Après une seconde session, on est allés à la cafétéria, au milieu du banya, et Josh a commandé du pamplemousse, utilisant le minimum de russe possible pour réussir à faire comprendre aux serveuses qu'il ne parlait pas russe et me convaincre qu'il le parlait parfaitement.

« La seule fois que j'ai acheté de la coke à des Russes, c'était ici », m'a-t-il expliqué.

Quand notre pamplemousse est arrivé, j'ai souligné que le fruit contenait une substance chimique connue pour intensifier les effets du kratom. Il ne m'en a pas tenu rigueur.

Alors qu'on entamait le goûter, j'ai remarqué que Joshua était l'un des rares auteurs à ne pas consciemment écrire de la même façon qu'il s'exprime – ou, plutôt, à ne pas s'exprimer comme il écrit. C'était un soulagement, étant donné que ses textes sont bourrés de mots étranges du genre catholicon, eloign, ou encore unmullioned – cela quand il ne s'inspire pas de vieux manuels de prosodie sanskrite pour les propos de ses personnages.

« Je veux vraiment développer une rhétorique stable, de sorte à pouvoir travailler sur plusieurs livres en même temps. C'est quelque chose qu'on ne peut plus vraiment faire – aujourd'hui, tout le monde a peur d'être jugé prétentieux.

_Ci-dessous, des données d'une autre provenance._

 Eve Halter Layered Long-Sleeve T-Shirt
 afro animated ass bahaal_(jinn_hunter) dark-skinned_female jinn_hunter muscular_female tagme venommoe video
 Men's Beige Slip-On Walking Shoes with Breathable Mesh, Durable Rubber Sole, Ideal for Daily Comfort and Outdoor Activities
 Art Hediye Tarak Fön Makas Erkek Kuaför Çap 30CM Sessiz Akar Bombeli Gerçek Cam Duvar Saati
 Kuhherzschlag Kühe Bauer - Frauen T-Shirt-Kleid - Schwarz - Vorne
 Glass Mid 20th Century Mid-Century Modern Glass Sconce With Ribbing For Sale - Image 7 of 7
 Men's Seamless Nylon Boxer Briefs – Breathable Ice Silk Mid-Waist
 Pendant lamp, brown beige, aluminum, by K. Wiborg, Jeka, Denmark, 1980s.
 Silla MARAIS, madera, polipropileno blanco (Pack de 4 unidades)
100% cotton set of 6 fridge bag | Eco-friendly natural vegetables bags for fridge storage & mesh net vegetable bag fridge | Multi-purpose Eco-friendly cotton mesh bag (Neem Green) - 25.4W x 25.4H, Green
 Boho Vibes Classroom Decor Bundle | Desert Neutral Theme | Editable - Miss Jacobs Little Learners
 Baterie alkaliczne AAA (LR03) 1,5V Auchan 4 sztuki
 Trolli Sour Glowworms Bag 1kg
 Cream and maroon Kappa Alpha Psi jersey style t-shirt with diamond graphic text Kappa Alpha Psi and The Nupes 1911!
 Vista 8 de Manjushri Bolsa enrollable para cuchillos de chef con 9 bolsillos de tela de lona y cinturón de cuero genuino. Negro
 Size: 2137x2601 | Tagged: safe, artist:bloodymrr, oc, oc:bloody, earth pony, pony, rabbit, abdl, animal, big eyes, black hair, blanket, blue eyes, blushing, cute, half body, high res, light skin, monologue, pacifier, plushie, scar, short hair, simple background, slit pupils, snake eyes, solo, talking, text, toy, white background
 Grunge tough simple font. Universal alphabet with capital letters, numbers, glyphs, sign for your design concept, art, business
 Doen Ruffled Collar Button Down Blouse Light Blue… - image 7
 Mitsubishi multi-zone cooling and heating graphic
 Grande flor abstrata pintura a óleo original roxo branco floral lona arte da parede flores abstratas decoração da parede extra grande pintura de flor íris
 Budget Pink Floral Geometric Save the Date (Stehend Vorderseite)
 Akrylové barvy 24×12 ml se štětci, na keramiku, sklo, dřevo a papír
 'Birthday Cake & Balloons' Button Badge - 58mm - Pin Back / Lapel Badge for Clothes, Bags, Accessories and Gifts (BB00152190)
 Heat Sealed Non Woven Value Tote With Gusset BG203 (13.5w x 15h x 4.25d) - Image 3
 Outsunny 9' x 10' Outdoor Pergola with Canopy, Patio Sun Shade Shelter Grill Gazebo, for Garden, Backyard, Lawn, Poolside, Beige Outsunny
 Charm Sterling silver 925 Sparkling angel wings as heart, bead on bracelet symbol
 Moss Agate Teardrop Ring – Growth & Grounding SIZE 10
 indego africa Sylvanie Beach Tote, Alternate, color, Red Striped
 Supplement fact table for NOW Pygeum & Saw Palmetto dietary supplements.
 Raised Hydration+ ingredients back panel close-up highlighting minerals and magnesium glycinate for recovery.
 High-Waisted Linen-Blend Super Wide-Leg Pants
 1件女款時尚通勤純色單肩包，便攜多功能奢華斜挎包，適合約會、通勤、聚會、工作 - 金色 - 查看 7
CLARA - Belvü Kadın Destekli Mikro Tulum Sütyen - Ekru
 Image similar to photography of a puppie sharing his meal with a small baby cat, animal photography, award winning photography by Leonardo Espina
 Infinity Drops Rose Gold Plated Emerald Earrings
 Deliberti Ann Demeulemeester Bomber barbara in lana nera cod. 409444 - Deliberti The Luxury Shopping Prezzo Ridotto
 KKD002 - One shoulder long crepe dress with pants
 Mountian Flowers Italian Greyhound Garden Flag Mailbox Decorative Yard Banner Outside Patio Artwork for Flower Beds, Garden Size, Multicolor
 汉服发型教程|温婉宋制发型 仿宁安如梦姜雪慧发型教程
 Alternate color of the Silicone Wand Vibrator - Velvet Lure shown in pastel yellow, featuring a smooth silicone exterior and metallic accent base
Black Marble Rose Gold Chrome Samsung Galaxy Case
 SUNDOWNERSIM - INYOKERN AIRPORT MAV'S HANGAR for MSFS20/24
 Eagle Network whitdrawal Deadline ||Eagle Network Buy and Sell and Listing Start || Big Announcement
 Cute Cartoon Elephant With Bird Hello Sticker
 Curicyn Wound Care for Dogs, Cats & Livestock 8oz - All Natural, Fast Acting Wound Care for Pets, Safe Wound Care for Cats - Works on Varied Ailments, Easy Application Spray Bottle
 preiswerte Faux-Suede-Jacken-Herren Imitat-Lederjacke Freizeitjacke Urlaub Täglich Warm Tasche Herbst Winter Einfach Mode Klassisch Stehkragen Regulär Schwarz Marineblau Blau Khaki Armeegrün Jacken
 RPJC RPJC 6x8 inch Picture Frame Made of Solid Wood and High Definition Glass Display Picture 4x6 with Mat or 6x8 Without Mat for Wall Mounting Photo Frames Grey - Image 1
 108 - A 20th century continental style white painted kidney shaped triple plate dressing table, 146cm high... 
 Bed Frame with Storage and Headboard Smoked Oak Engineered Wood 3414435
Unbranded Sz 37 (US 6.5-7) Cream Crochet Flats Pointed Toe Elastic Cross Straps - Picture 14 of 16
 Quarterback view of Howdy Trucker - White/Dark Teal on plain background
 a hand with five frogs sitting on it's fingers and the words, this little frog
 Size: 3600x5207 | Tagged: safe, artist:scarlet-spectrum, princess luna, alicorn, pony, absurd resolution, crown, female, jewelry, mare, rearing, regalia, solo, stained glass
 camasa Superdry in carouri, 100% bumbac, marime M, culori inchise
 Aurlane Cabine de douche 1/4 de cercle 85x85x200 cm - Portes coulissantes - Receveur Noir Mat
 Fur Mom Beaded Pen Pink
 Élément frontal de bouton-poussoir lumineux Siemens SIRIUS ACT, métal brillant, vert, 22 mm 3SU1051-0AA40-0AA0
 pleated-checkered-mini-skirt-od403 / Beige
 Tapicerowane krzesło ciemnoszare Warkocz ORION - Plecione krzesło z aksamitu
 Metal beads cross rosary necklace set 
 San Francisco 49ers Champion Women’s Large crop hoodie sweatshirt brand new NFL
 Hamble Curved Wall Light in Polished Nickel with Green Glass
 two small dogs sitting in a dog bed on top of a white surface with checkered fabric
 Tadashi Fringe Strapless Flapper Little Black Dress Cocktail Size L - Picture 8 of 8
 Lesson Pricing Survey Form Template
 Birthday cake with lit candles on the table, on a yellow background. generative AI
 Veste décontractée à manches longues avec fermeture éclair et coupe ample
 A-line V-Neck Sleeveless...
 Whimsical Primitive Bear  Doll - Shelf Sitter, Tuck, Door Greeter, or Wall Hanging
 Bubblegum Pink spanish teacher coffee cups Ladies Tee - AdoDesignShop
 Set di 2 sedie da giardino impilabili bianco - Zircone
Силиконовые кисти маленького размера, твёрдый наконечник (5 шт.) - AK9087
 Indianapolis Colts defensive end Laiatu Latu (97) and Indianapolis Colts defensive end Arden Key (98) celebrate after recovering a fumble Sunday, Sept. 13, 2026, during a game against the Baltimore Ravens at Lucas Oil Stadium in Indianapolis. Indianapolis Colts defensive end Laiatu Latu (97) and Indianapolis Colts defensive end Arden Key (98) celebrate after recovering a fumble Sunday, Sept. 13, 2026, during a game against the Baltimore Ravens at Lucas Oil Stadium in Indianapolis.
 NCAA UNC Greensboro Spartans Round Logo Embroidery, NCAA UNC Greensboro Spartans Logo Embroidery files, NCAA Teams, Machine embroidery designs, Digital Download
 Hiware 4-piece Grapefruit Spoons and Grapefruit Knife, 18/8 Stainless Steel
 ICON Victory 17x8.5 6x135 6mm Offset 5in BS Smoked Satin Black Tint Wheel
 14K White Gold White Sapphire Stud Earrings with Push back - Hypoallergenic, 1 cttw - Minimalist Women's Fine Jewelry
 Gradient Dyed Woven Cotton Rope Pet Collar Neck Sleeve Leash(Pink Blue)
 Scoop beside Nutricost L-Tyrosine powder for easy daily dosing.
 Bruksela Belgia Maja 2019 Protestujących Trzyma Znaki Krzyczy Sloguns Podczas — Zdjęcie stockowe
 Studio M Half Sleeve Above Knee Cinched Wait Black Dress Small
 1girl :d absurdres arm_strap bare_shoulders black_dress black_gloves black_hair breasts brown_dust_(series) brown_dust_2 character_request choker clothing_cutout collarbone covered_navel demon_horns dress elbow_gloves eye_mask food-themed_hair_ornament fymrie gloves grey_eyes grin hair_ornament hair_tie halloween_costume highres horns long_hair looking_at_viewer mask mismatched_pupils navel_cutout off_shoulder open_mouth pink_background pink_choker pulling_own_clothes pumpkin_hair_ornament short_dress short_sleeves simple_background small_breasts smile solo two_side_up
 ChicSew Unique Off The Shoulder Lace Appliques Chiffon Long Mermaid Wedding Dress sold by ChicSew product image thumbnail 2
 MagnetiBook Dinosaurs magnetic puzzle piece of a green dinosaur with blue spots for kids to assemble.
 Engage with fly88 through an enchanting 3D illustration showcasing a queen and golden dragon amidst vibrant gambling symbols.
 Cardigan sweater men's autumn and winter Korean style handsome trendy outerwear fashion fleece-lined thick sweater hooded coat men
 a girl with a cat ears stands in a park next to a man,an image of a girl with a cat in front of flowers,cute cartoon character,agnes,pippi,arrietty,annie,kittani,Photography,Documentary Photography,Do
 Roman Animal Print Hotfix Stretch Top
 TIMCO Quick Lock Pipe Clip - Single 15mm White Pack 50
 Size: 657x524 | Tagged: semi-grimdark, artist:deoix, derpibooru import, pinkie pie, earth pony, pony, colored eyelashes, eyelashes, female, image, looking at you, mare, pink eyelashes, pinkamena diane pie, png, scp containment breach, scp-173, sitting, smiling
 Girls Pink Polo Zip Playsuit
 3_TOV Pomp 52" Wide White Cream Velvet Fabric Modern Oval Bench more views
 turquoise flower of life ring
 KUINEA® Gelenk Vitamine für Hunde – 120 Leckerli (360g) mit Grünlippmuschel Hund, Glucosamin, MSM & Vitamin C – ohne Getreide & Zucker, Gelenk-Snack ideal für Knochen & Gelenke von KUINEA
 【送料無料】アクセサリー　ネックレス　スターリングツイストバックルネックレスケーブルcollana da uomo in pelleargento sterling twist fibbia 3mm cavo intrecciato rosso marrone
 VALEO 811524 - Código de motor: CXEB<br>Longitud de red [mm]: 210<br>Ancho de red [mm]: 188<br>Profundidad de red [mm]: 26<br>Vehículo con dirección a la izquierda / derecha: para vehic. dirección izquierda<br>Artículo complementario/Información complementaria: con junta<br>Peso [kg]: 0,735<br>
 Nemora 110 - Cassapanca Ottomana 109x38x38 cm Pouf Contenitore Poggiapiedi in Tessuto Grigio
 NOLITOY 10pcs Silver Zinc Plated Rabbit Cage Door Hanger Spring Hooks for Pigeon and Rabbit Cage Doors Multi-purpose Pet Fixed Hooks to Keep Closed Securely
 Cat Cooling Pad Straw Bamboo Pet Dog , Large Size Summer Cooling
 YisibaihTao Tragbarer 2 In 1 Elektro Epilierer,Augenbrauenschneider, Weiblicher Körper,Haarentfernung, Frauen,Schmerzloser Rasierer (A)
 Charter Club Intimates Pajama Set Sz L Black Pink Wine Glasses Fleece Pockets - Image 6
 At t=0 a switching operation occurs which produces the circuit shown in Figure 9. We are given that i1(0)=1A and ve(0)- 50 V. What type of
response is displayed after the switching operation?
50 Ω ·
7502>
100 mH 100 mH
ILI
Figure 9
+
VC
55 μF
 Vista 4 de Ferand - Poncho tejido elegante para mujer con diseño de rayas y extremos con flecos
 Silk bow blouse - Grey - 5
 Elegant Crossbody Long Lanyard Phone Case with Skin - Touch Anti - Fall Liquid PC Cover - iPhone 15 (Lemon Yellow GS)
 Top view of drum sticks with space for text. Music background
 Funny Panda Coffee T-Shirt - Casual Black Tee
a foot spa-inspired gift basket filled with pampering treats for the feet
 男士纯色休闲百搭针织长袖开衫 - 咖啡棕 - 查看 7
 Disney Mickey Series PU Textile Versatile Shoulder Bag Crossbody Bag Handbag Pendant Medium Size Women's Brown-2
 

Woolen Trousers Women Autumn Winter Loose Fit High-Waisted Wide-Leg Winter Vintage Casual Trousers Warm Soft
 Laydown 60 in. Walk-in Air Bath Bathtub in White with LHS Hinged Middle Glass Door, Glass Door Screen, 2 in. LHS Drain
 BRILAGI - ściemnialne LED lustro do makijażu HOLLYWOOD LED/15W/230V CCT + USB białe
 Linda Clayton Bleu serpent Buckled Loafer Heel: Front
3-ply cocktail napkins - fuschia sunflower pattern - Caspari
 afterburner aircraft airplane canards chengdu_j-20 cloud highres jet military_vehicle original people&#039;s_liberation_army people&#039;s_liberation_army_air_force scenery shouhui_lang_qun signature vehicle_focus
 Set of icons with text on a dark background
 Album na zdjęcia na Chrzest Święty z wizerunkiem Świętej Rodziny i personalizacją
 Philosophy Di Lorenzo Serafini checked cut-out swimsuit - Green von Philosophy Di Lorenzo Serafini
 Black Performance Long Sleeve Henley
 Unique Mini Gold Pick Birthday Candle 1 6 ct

J'aimerais faire comme Faulkner, qui adoptait un ton biblique dans ses textes. »

Après une dernière session de sauna, nous sommes allés à la douche. « À chaque fois que je retourne vers mon casier, j'ai toujours cet espoir que, quand je l'ouvrirai, tous mes vêtements auront été remplacés par de meilleures versions. Par exemple, que ce tee-shirt aura été remplacé par celui que j'aurais dû prendre à la place. »

Tandis qu'on quittait le Mermaid et qu'on s'approchait de la voiture, nos yeux se sont fixés vers une fenêtre ouverte, à proximité de la clôture du Sea Gate, dévoilant de profil deux femmes dans leur cuisine, une cocotte-minute à la main.

« Regarde ça, s'est écrié Josh. Une grosse femme, non, deux grosses femmes s'occupent d'un autocuiseur. On dirait du Vermeer. »

J'ai toussé pour dissimuler un cri d'approbation.